2023 single by the Krown Jewelz

"Scrap the Monarchy" is a single by the Krown Jewelz, a band created by Kunt and the Gang, who had previously released songs as the Kunts. The song, aimed at the British monarchy, serves as a follow-up to the Kunts' 2022 single "Prince Andrew Is a Sweaty Nonce"; the track attacks Prince Andrew, Duke of York, William, Prince of Wales and King Charles III. The single was released on 5 May 2023, the day before King Charles III's coronation, reaching No. 9 in the UK Singles Chart and No. 1 in the UK Independent Singles Chart.

==History==
The Krown Jewels previously released a series of tracks as The Kunts, which entered the UK Singles Chart despite little mainstream press coverage and no radio airtime. Three previous songs attacking the Government of the United Kingdom and the Conservative Party: "Boris Johnson Is a Fucking Cunt", "Boris Johnson Is Still a Fucking Cunt" and "Fuck the Tories" reached the top ten in the singles charts.

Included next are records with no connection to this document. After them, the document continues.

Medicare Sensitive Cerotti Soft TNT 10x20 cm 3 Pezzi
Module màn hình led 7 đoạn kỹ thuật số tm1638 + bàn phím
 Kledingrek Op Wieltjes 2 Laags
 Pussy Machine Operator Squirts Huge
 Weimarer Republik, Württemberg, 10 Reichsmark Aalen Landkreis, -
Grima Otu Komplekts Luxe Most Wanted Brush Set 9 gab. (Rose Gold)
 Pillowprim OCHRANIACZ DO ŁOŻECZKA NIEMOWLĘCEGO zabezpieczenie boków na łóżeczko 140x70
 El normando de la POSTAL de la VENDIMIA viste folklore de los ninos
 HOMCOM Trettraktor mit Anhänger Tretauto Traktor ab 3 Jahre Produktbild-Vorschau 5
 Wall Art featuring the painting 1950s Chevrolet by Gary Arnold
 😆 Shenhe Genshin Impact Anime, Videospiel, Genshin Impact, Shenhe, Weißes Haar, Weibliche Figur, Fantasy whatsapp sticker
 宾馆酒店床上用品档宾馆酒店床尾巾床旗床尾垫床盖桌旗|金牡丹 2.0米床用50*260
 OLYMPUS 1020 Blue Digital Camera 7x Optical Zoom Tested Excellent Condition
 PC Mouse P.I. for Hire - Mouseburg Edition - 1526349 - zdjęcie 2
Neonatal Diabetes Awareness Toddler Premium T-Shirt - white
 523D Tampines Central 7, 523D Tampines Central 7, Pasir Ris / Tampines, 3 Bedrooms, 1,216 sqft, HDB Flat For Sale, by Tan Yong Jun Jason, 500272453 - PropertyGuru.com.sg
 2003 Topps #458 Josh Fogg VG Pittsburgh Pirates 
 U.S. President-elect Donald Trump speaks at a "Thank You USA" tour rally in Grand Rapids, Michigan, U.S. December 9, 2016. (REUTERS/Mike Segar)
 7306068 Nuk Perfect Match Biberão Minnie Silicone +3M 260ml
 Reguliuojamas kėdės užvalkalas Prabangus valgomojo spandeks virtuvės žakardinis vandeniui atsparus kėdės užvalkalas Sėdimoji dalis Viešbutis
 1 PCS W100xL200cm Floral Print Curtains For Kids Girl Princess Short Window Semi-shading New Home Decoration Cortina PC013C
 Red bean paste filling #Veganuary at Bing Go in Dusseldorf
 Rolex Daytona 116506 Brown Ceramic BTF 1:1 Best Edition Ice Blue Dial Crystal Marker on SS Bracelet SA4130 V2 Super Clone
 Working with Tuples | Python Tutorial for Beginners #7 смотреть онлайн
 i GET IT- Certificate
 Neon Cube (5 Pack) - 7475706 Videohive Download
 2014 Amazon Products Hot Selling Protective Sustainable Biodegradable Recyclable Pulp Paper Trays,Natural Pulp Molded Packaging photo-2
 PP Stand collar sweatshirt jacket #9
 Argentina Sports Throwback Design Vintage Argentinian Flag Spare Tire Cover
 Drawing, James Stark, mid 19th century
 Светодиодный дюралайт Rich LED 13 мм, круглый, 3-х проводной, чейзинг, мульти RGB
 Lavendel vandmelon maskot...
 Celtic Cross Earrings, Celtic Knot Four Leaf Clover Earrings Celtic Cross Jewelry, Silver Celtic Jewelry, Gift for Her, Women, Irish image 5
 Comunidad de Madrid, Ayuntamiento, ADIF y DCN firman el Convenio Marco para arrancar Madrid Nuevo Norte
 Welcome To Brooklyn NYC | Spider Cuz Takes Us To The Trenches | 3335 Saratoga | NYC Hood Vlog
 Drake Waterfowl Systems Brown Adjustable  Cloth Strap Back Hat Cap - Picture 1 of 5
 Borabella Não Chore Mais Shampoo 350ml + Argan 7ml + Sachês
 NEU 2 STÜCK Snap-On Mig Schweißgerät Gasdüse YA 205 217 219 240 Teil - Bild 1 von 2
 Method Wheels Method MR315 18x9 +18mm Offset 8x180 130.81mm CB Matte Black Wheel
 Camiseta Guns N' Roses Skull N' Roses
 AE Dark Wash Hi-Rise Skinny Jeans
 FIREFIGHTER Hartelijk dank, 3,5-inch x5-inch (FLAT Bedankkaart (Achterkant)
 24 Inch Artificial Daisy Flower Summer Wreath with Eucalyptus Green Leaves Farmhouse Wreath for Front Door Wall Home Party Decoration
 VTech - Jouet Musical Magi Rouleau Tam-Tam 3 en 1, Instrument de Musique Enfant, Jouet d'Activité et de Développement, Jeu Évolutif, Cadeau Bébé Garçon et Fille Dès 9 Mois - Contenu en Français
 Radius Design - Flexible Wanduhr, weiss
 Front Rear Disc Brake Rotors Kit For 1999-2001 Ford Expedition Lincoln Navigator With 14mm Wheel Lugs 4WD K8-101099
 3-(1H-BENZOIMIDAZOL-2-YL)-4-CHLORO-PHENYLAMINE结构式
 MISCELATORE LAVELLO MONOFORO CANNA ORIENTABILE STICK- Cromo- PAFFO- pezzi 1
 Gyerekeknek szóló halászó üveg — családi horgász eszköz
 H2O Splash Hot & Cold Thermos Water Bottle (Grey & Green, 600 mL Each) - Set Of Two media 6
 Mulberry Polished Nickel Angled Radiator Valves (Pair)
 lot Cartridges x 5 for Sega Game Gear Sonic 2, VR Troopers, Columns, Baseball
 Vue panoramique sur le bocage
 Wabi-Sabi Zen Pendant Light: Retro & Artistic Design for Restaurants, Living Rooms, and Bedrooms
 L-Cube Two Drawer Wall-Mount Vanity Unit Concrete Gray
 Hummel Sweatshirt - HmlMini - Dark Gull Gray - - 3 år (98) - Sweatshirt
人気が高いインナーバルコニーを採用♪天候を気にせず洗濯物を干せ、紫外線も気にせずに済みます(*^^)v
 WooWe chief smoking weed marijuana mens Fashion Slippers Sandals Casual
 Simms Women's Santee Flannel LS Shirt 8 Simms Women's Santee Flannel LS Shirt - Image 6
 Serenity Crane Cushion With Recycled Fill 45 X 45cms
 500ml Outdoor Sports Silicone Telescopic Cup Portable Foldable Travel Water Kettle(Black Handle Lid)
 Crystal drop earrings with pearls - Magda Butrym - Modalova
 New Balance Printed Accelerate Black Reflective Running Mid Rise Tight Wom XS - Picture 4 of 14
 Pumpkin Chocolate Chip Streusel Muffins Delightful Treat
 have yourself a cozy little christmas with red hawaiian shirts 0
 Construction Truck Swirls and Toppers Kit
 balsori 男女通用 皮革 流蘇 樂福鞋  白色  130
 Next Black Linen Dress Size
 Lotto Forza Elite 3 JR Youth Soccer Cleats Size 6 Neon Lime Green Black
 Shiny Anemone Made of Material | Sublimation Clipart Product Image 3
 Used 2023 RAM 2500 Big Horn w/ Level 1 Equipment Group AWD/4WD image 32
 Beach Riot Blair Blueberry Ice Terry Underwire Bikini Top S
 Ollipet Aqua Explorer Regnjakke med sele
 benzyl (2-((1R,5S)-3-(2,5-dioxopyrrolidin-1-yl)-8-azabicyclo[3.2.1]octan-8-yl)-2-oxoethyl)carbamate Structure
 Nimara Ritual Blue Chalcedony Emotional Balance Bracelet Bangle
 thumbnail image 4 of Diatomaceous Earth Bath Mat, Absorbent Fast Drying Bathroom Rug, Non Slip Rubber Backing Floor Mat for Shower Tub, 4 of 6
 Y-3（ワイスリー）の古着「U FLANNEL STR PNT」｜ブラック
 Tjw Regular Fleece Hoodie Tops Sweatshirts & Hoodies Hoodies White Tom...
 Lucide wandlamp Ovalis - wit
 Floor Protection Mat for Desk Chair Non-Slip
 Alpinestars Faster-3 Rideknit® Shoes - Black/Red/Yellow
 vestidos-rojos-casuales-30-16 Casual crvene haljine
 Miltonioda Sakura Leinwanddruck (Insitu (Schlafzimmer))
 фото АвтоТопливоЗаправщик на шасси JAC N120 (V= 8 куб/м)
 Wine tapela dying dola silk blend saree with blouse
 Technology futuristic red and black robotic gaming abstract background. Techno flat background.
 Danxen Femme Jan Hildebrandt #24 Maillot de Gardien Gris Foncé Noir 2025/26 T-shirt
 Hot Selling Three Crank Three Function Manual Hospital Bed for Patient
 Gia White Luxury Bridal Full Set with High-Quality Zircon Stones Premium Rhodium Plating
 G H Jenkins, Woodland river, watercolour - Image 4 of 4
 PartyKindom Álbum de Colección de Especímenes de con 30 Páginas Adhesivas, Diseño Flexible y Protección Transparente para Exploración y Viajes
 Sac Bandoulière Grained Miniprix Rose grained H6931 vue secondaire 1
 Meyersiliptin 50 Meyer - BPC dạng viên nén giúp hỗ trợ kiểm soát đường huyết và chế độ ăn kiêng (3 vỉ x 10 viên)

In 2022, the band released "Prince Andrew Is a Sweaty Nonce" during the week of the Platinum Jubilee of Elizabeth II, which reached No. 20 in the UK Singles Chart, and No. 1 in the UK Independent Singles Chart.

On 6 April 2023, the band announced the details of "Scrap the Monarchy" and revealed that it would be released on 5 May 2023, the day before Charles III's coronation. They also revealed the lyrics to the track which, unlike their previous songs, contain no major swearing in order that it could be covered by the press, played on the radio, and announced on BBC Radio 1's chart shows. The song makes references to Charles III's relationship with paedophile Jimmy Savile and Prince Andrew's involvement in the Jeffrey Epstein scandal, as well as claiming that Prince William is guilty of virtue signalling. The announcement also listed details of a music video featuring the band dressed as guardsmen, the band with their heads on spikes, and a look-alike of Charles III featuring saveloy sausages for fingers; this move likely serves to make a mockery of the King's 'sausage fingers', as are the contrasting, abnormally thick hands on the cover.

On Kunt's blog, a campaign was launched to get members of the public to record their own lyrics to the music, with nine to be selected for release as downloads. Eventually 30 versions were released of the song's launch. To promote the song, Kunt created an artwork entitled "A Waste Of Money", which consisted of 100 fake £10 banknotes featuring the King, which Kunt wiped his bottom with.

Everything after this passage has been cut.